Oui, merci de te casser le bol à aller les chercher dans les replis des collines volcaniques des hautes terres d'Auvergne.
A la ferme "d'en haut", là où le chemin d'accès est sinueux et sans issue. Et là où l'on te laisse seul dans la cuisine qui sent encore la café du matin, tandis que l'on descend les marches humides qui mènent à la cave, le temps de remonter avec les bras chargés.
Un vieux chien au membres raidis, s'étale sous la table. Il t'observe l’œil résigné. Depuis quelques hivers déjà, il a renoncé à se lever pour t'accueillir, et à courir sur le chemin pour te raccompagner, histoire de jouer à mordiller des pneus neufs.
Les minutes s'égrainent lentement au tic-tac du balancier de l'horloge ancienne. La nappe usée, de toile cirée tendue par des baguettes, accueille maintenant tes fromages. Ils y seront soigneusement emballés un par un, dans des exemplaires à peine jaunis de "La Montagne", parce que "C'est meilleur !", te glisse t-on avec un sourire malicieux.

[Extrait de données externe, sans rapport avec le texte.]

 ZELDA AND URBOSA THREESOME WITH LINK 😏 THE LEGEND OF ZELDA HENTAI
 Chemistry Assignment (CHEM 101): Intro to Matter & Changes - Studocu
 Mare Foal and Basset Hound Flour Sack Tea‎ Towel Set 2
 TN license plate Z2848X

On te sert un café brulant. Il a déjà bouilli au moins trois fois, depuis l'heure de la traite.
Tu portes à tes lèvres une tasse en porcelaine "du mariage", aux motifs palis, alors que tu devises sur la météo, décidément humide cette année, et que même que si ça continue, il n'y aura pas d'hiver.

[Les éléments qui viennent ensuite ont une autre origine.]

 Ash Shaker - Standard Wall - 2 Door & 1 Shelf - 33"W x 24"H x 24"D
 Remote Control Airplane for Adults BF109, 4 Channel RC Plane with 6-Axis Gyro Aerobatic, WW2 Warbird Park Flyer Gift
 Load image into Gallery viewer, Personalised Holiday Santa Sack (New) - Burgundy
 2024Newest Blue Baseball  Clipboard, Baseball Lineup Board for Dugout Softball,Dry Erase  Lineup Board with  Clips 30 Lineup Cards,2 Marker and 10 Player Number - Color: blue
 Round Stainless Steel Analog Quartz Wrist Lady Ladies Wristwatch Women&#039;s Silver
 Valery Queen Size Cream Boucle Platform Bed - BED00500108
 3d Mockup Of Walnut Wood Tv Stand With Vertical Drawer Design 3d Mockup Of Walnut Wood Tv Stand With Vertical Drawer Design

Les billets neufs à peine sortis, sont prestement escamotés. Sauf ces drôles de billets de cinq euros, que l'on ne connaissait pas encore, et sur lesquels on s’attarde un peu. Un peu de curiosité, un petit fond de méfiance. Sait on jamais...

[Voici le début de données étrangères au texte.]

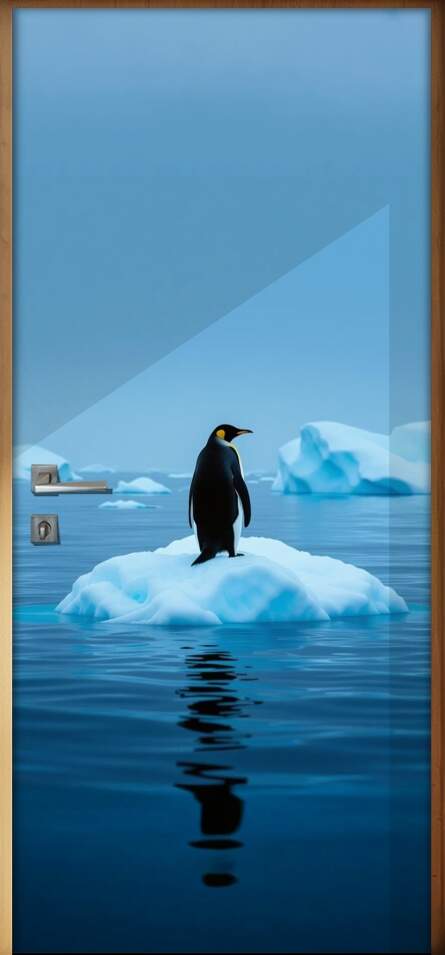 Adesivo de Porta Pinguins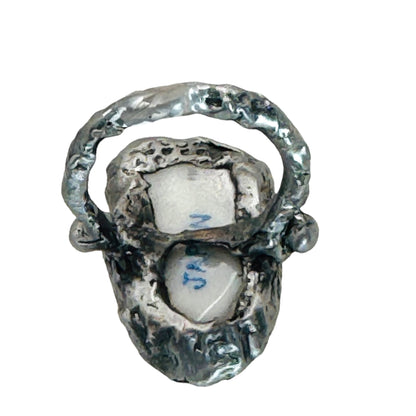 Antique Rose Ring Made From Fine Bone Broken China Encased With Silver Blend Metalwork Size 6.6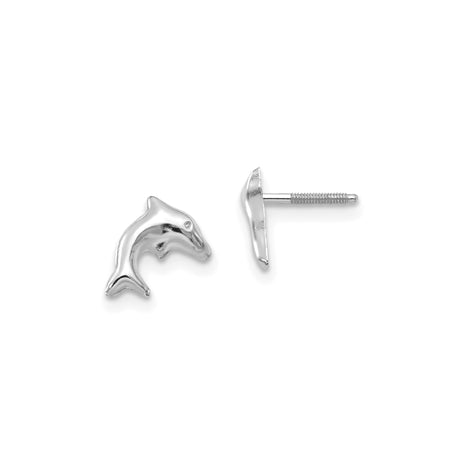 14k White Gold Dolphin Stud Earrings, Polished Marine Life Design for Women or Girls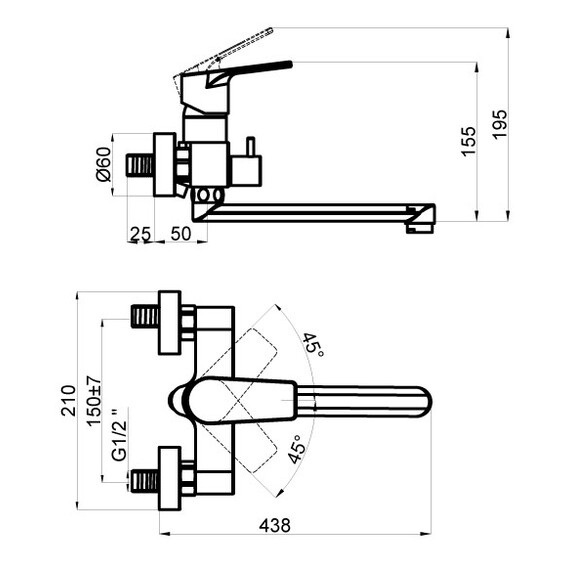 Смеситель для ванны Azario Treya AZ-15681721 - фото 2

Il est déjà l'heure de repartir. La lourde porte en chêne claque dans ton dos, alors que tu t'éloignes vers ton Land.
Son habitacle sent maintenant un peu le chien mouillé, mais là, tu sais que ça vient de ton chargement...
Tu penses au sourire de la vieille, à celui des copains qui t’accueilleront dans quelques heures. Tu ne peux réprimer une ébauche de larme, que tu écrases rapidement d'un revers de manche.
Il est tard déjà, et la route est longue, encore.